The Commonwealth Bank has hiked its four-year fixed rate while cutting its one- and two-year rates in a sign the bank expects a higher rate environment to set in by 2024.
The bank has increased its lowest available four-year fixed rate by 20 basis points, taking it from 1.99 per cent to 2.19 per cent.
At the same time, it has cut its one-year rate by 10 basis points to 2.09 per cent, and its two-year fixed rate by 20 points to 1.94 per cent.
CommBank’s move makes it the first major bank to hike four-year owner-occupier rates since October 2019.
Fixed rates (lowest)
Rates are for owner-occupiers paying principal and interest on a package loan.
“The bank is giving with one hand, and taking away with the other, hiking its four-year fixed rate by the same amount for new customers,” research director at RateCity.com.au Sally Tindall said.
“It’s not surprising CBA has decided to raise its four-year fixed loan – the bank is pricing in at least one cash rate hike over this time.
“[Reserve Bank of Australia] Governor Philip Lowe has repeatedly said the first round of cash rate hikes wouldn’t be until at least 2024, but that’s only three years away.”
She said other banks may also begin increasing rates in the next few months as they also move to price in an official interest rate hike from 2024.
“Someone who fixes their rate for four years today could very well see variable rates go up within that time, provided the economic recovery stays on track,” Tindall said.
All eyes on the Reserve Bank
House prices increased 2.1 per cent over February, the highest monthly increase since 2003.
Bankwest Curtin Economics Centre’s Rebecca Cassells has suggested the RBA may be forced to move in the second half of 2022.
“There’s an increasing prospect of interest rates being lifted earlier than the 2024 timeline that the RBA has offered up in recent statements. This could be as early as the second half of 2022 if the labour market continues to respond and prices continue to push upwards - particularly through the housing market,” Cassells said.

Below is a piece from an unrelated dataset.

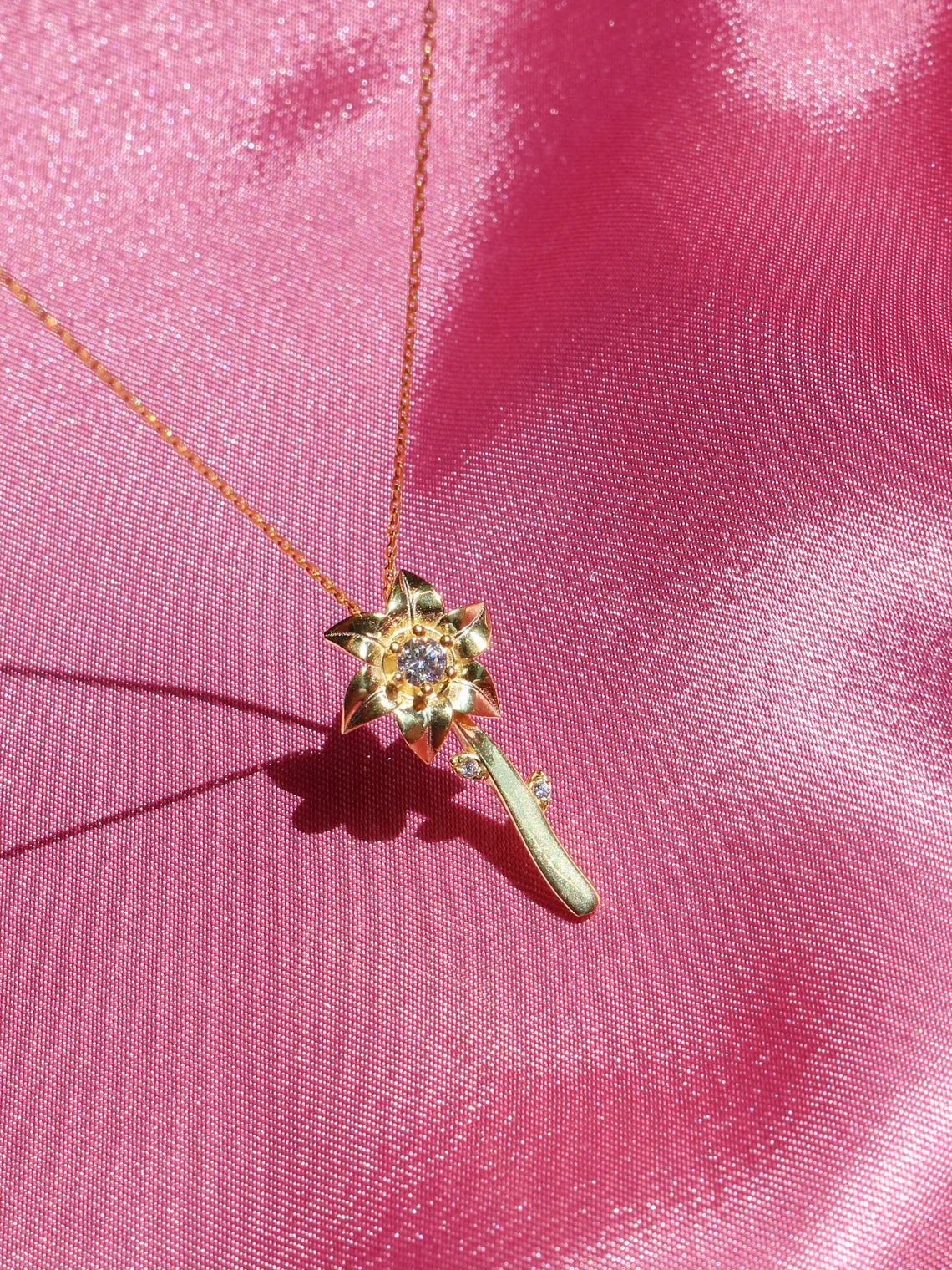 Rapunzel Flower Gleam and Glow Necklace, 925 Sterling Silver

“Whether this activity will be enough to reach the 2 per cent inflation threshold will remain to be seen, but it’s certainly more likely now than it was [in early February].”
KPMG Australia chief economist Dr Brendan Rynne agreed, adding on Monday that the RBA may also have to review its timeline as the Australian economy strengthens ahead of schedule.

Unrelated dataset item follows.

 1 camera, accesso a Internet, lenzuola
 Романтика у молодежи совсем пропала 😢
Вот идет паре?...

“We expect to see strong performance in the Australian economy, with GDP boosted by the unlocking of pent-up demand from a lockdown-affected 2020 - but this will start to taper off in 2022,” Rynne said.
“Our forecasts on inflation (rising) and unemployment (falling) mean that by next year the RBA will come under pressure to review its pledge to keep ultra-low interest rates until 2024. The inflation genie is still in the bottle but can definitely be seen edging up the sides.”